Records for the task →
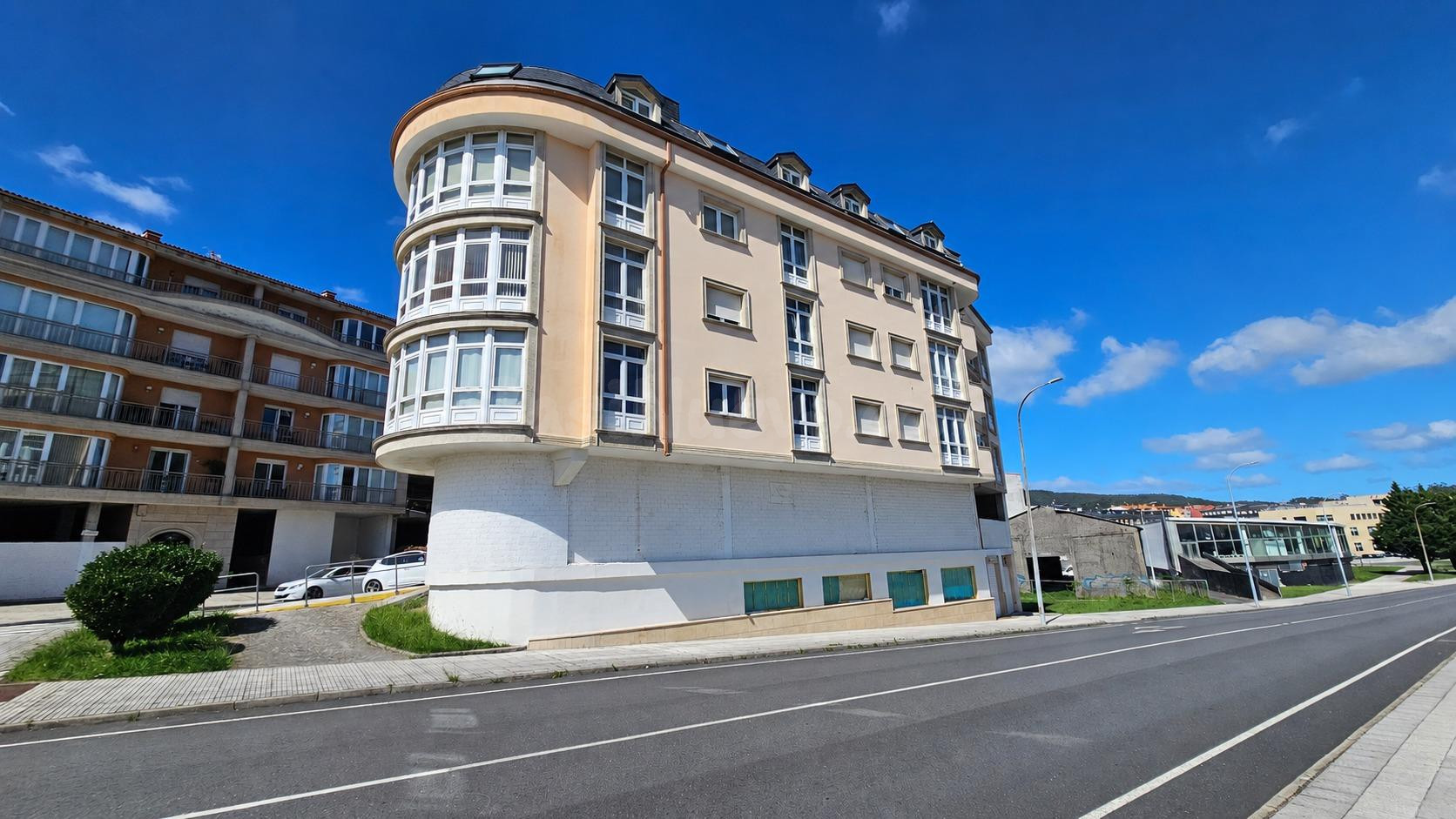 Local con vistas al mar y potencial residencial o turístico  - foto 3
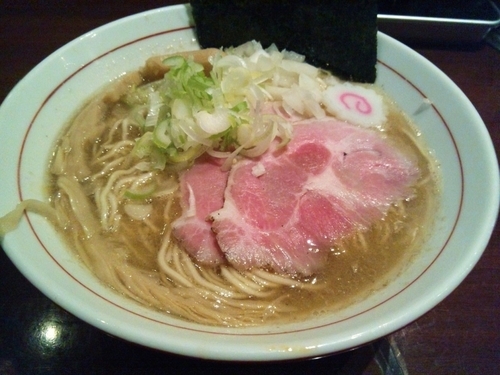 「煮干そば（780円）」@煮干中華そば 鈴蘭 新宿店の写真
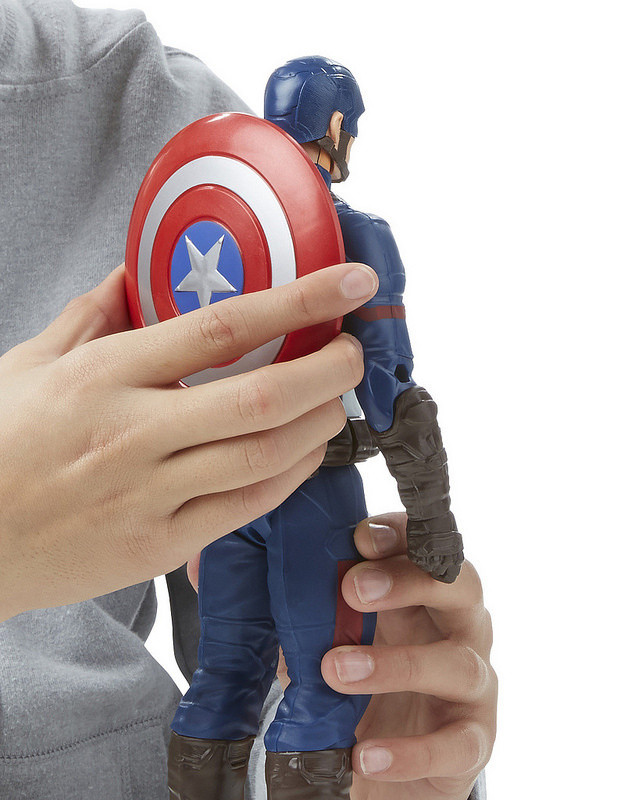 为电影预热：孩之宝推出《美国队长3》人物声光电子玩具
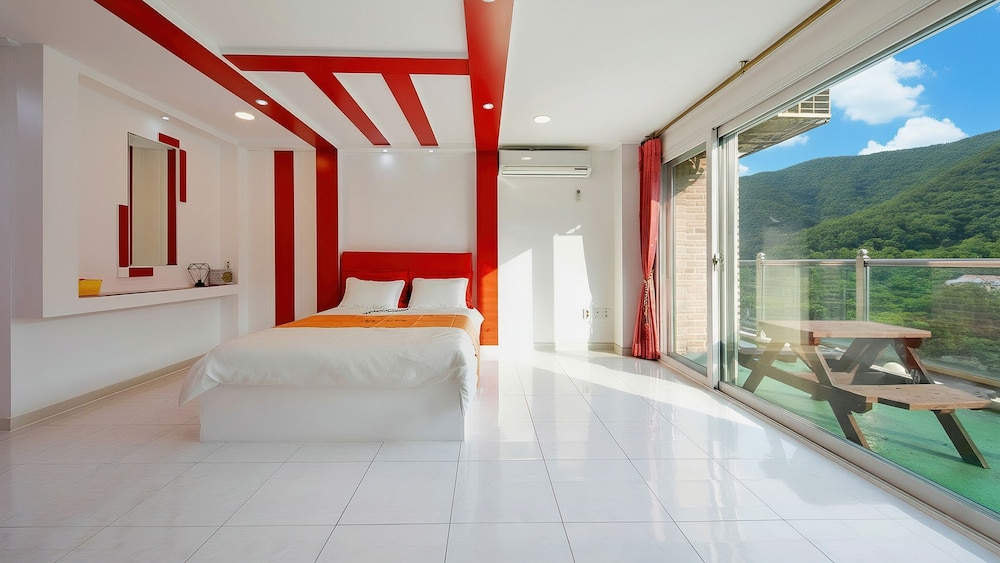 Gapyeong Newcastle Pension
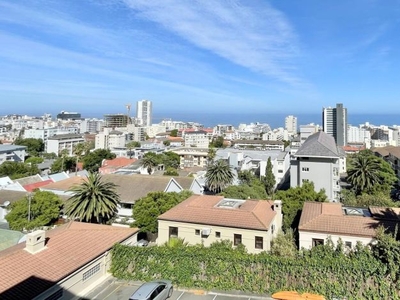 2 Bedroom apartment rented in Fresnaye, Cape Town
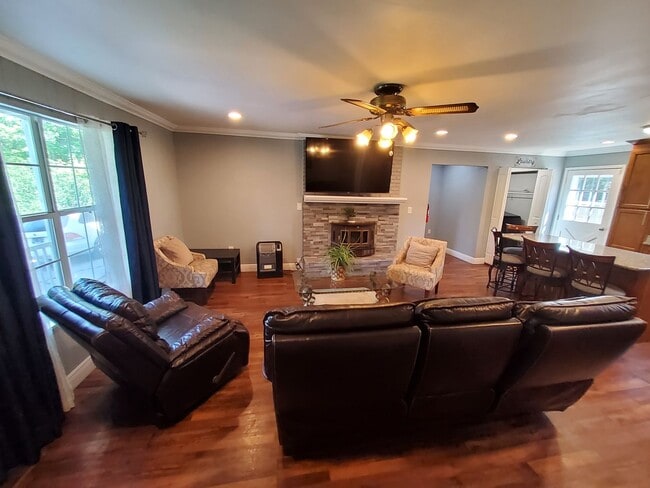 Building Photo - Sevierville 37862 - Showings begin July 11, 2026 - Fully Furnished! Long term or 3 Month Lease Co...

Your task → Restate the preceding entries in full, word for word, with the pictures removed.

Task result →
 Local con vistas al mar y potencial residencial o turístico  - foto 3
 「煮干そば（780円）」@煮干中華そば 鈴蘭 新宿店の写真
 为电影预热：孩之宝推出《美国队长3》人物声光电子玩具
 Gapyeong Newcastle Pension
 2 Bedroom apartment rented in Fresnaye, Cape Town
 Building Photo - Sevierville 37862 - Showings begin July 11, 2026 - Fully Furnished! Long term or 3 Month Lease Co...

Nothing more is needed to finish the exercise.